Diversity and inclusion are key building blocks for the metaverse
We'll share 3D areas in the Metaverse. We can build the metaverse with DEI from the start. Globally, it's difficult to overcome DEI difficulties with technology.
The metaverse will transform the way we connect. With today’s internet, we connect with people mostly by looking at screens. But in the metaverse, we’ll be able to share the same spaces three-dimensionally.
Because companies like Meta are starting to think about this future now, we have the opportunity to help build the metaverse with diversity, equity, and inclusion (DEI) from its inception. It definitely isn’t easy to resolve the complicated issues of DEI in technology, especially at a global scale. But working on these issues is one of the things that excites me most about Meta, and our role in using technology to have a positive impact on society.
It’ll take years for the metaverse to be built, so we have a long road ahead. Here are a few things we’re doing — and being intentional about — now.
Asking the right questions:To work toward an inclusive metaverse, we need to ask the right questions about what inclusivity must look like in immersive experiences. We’re doing that through a two-year, $50 million investment in partnerships, exploring issues related to the metaverse from different perspectives. Through a partnership with Howard University, researchers will explore historical barriers to information technology and offer recommendations on how we can remove those barriers.

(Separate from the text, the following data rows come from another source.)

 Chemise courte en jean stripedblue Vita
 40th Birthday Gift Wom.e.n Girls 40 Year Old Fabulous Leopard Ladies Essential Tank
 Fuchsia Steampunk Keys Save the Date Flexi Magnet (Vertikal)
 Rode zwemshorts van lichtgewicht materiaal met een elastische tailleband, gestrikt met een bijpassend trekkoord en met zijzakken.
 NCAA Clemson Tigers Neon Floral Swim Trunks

Building networks of diverse talent:Diverse people shouldn’t just participate in the metaverse as consumers; they should be its architects and builders as well. To make that happen, we need to increase the diversity of people working in the tech industry, particularly in areas like artificial intelligence (AI), gaming, virtual reality (VR), and augmented reality (AR). We’re partnering with institutions across the United States — historically Black colleges and universities, Hispanic-serving institutions, and Asian American and Native American Pacific Islander–serving institutions — to attract more students to deep learning courses and increase diversity and equity in the field of AI.

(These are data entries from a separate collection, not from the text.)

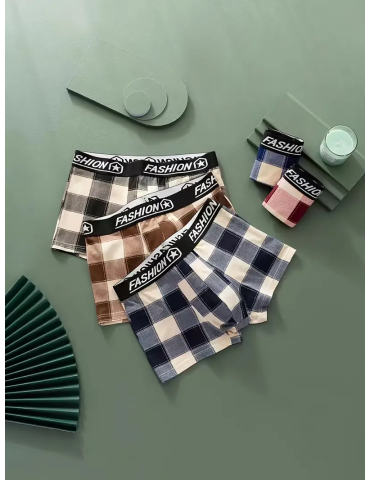 3pcs Men's Casual Plaid Boxer Briefs Shorts, Sexy Breathable Comfy Stretchy Boxer Trunks, Men's Underwear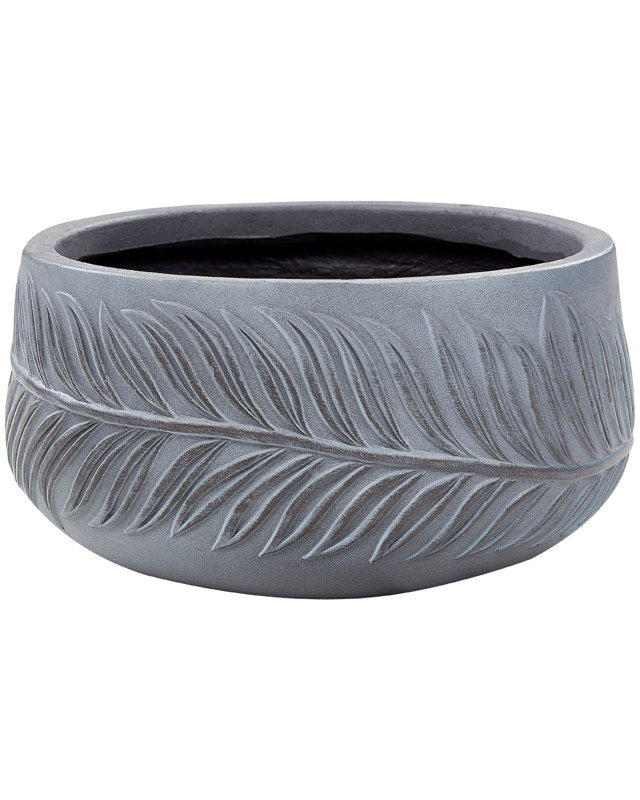 Outdoor Plant Pot Clay Fibre Grey 25 x 25 x 14 cm Planter Round UC Resistant Leaf Motif Traditional Beliani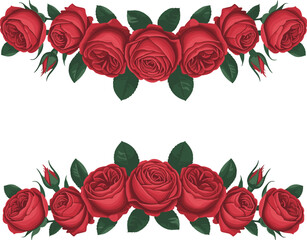 Elegant set of red rose garlands and borders with lush green leaves, perfect for romantic invitations, floral designs, weddings, and decorative accents.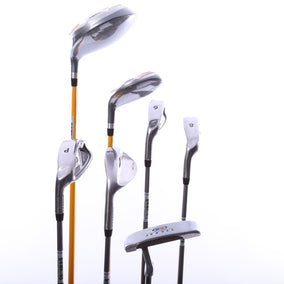 Used Us Kids Golf U/L 63 Grey/Gold Kids Set - Left-Handed - 1W, HY, 6, 8, PW, SW(56*) - Youth Flex-Next Round
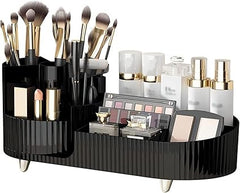 360° Rotating Makeup Organizer with Brush Holder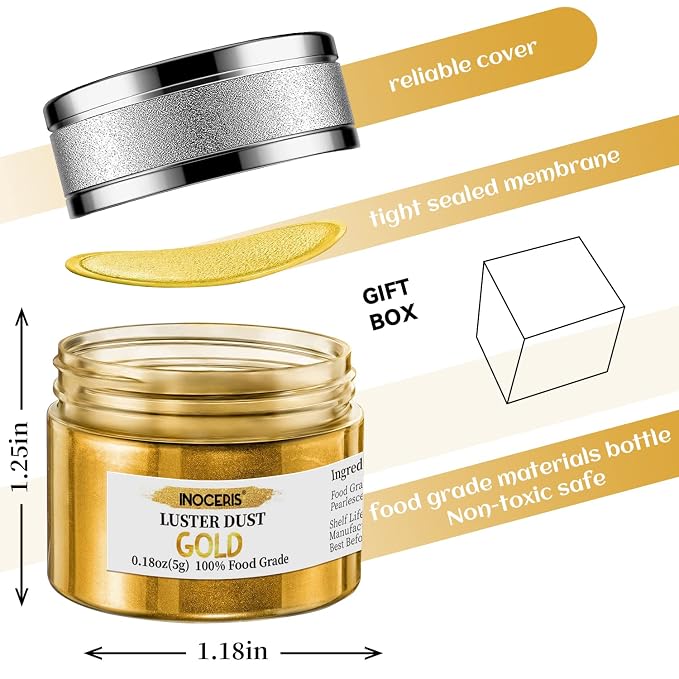 INOCERIS Edible Luster Dust, 5 Grams Food Grade Gold Cake Dust Shimmer Metallic Gold Food Coloring Powder for Cake Decorating, Baking, Fondant, Chocolate, Candy, Drinks, Cookies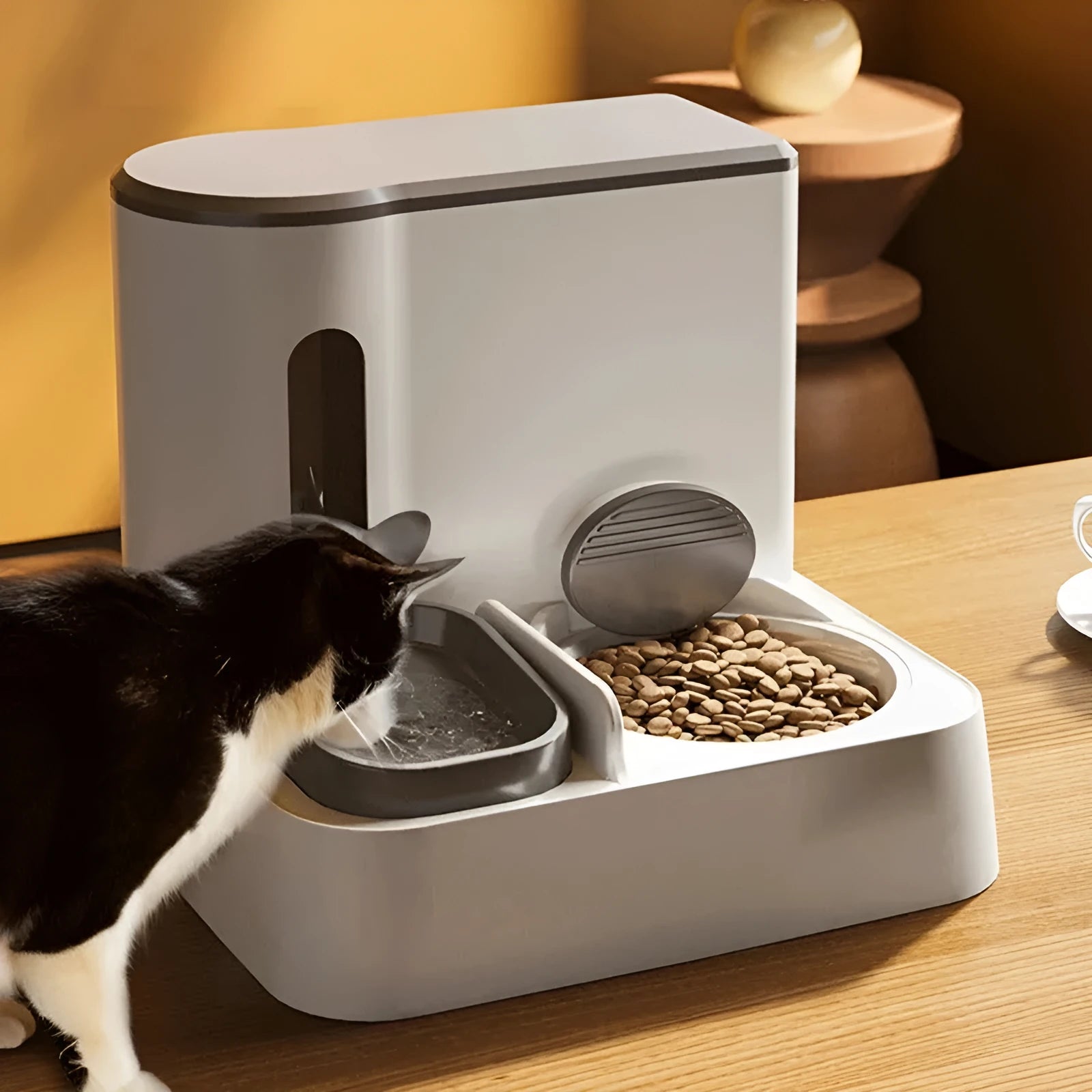Automatic cat feeder water dispenser with integrated double bowl in choice of colours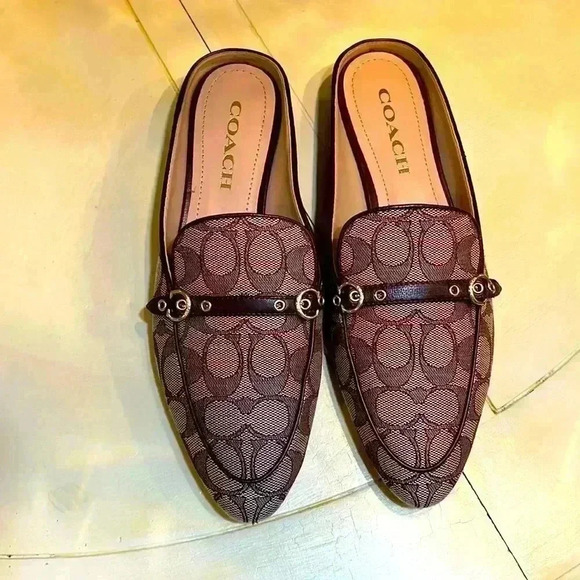 COACH SIGNATURE JACQUARD LOGO MULE size 8 - Picture 1 of 5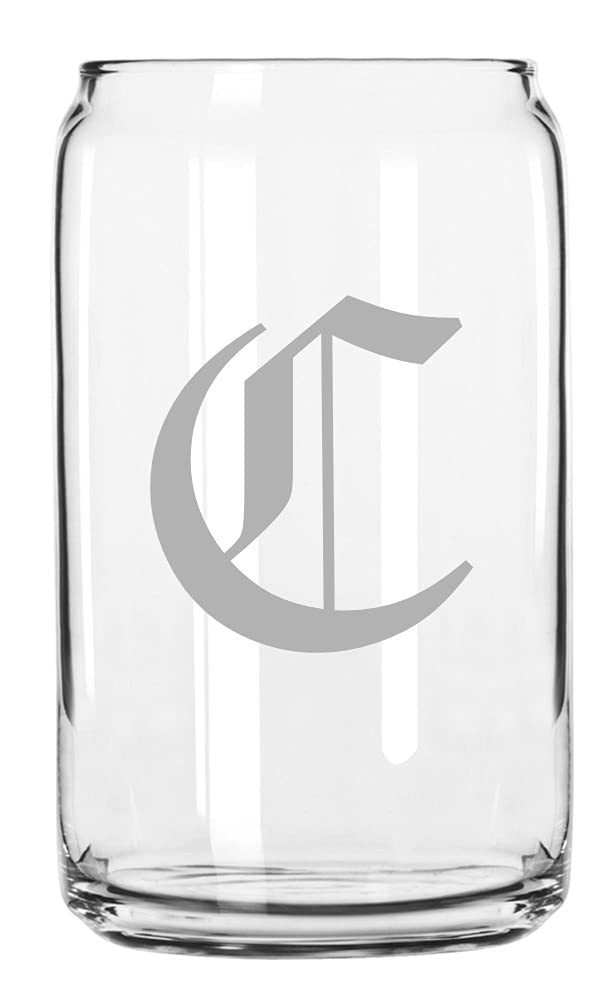 Monogrammed 16oz Etched Can Glass - Personalized Beer & Soda Cup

Breaking down language barriers:People will feel more connected to others if they can communicate, work, or produce art in their chosen languages. They’ll also have the potential to immediately reach billions of others across the world regardless of their preferred language. Can you imagine how that would change our lives? Possibilities like these drive our long-term efforts to build new translation toolsthat will give creators and consumers the ability to participate equally in the metaverse in more languages and reach people in the farthest corners of the globe.
Broadening access to the metaverse for users and creators: Participation in the metaverse will not depend on having access to a headset. There will be many entry points through which people can participate using any device, including mobile phones. Enabling access for creators from diverse backgrounds is equally important, and I’m pleased with the progress we are making with our Spark AR platform. It’s already being used by hundreds of thousands of creators in 190 countries to build immersive experiences across Meta’s apps and devices.

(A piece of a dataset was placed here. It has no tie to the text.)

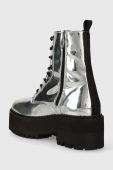 Черевики Tommy Jeans TJW FLATFORM ZIP UP METALLIC жіночі колір срібний на платформі EN0EN02403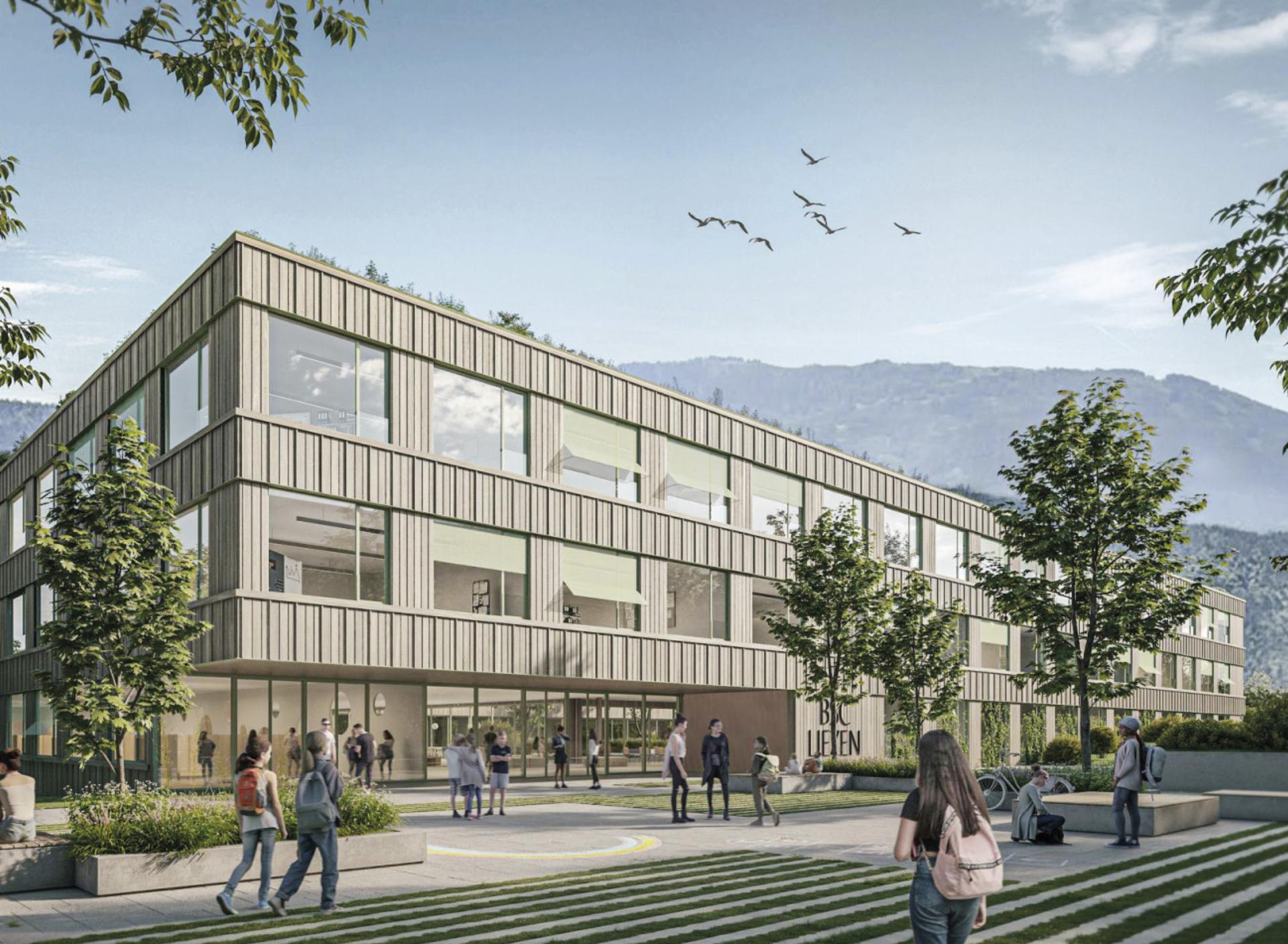 Der Architekturwettbewerb für Liezens Bundesschulzentrum ist entschieden. Ansprechende, schlichte Optik trifft auf ein innovatives Raumkonzept. Baustart ist im März 2028 geplant, die Eröffnung im Juli 2030.  oto: Work Space Architekten ZT Gmbh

Creating myriad options for self-expression: Representations in the metaverse should reflect the diversity of the real world. Recently, we announced improvements to our Meta avatars, including new facial shapes and assistive devices such as cochlear implants, over-the-ear hearing aids, and wheelchairs for people with disabilities. We offered more than one quintillion different combinations when we launched our updated avatars last year, and we’re continuing to add more options to give people even more ways to express themselves.